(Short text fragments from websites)
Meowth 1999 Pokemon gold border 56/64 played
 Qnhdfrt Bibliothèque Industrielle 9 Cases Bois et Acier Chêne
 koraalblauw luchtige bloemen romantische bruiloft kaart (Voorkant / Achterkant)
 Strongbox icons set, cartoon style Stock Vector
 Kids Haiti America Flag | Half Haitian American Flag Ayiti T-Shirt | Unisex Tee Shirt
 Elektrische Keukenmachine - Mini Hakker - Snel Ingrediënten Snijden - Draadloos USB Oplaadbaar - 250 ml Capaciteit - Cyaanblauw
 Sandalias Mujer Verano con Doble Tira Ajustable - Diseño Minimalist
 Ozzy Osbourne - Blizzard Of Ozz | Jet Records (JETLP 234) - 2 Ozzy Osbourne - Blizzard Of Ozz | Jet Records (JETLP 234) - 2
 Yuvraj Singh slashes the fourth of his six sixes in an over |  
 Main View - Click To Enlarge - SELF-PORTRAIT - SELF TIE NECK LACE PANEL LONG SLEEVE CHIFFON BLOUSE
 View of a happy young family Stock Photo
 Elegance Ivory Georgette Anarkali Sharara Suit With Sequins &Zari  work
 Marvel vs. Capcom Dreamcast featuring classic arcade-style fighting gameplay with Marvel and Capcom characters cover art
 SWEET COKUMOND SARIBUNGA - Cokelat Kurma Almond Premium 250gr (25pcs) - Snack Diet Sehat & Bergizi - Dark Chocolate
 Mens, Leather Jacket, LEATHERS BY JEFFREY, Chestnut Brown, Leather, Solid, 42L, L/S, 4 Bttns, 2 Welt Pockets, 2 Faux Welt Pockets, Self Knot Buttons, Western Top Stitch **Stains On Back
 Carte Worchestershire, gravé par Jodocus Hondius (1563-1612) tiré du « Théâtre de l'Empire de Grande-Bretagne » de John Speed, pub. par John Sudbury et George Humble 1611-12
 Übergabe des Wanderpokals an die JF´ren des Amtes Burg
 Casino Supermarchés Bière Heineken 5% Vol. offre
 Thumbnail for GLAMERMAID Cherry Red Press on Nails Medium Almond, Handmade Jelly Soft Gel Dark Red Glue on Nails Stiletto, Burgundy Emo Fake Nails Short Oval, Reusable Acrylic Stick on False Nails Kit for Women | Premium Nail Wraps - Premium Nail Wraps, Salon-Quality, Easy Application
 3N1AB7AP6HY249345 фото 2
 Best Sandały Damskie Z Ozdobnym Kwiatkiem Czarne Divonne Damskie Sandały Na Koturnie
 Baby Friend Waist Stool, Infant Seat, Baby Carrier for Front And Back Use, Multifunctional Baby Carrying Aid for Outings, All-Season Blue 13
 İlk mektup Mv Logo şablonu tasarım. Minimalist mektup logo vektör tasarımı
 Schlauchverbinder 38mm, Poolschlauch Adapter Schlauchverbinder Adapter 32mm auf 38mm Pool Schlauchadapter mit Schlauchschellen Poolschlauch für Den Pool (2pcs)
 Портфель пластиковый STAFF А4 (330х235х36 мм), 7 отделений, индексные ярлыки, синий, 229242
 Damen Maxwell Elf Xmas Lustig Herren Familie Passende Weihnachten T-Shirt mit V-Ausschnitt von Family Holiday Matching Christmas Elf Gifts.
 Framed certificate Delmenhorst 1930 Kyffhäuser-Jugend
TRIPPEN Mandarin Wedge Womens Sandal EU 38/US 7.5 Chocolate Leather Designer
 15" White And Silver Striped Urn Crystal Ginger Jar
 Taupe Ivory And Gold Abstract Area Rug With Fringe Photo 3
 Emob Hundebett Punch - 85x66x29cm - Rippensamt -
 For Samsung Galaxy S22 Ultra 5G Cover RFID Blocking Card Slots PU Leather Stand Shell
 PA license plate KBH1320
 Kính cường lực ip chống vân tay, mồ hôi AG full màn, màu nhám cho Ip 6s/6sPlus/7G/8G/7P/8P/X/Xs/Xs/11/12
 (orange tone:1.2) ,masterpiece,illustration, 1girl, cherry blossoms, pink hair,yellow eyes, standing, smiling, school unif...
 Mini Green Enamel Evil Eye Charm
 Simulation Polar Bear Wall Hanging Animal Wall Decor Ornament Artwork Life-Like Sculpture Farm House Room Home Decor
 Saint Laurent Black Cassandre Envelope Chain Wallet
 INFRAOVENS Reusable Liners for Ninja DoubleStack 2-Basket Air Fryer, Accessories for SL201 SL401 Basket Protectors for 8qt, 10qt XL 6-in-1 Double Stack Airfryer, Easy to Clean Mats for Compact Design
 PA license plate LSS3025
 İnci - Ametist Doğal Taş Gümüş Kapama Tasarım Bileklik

# Activity
Take the records above and return, word for word, only the lines that fall from the line with "Yuvraj Singh slashes" to the line with "Marvel vs. Capcom", both of them included.

# Answer box
 Yuvraj Singh slashes the fourth of his six sixes in an over |  
 Main View - Click To Enlarge - SELF-PORTRAIT - SELF TIE NECK LACE PANEL LONG SLEEVE CHIFFON BLOUSE
 View of a happy young family Stock Photo
 Elegance Ivory Georgette Anarkali Sharara Suit With Sequins &Zari  work
 Marvel vs. Capcom Dreamcast featuring classic arcade-style fighting gameplay with Marvel and Capcom characters cover art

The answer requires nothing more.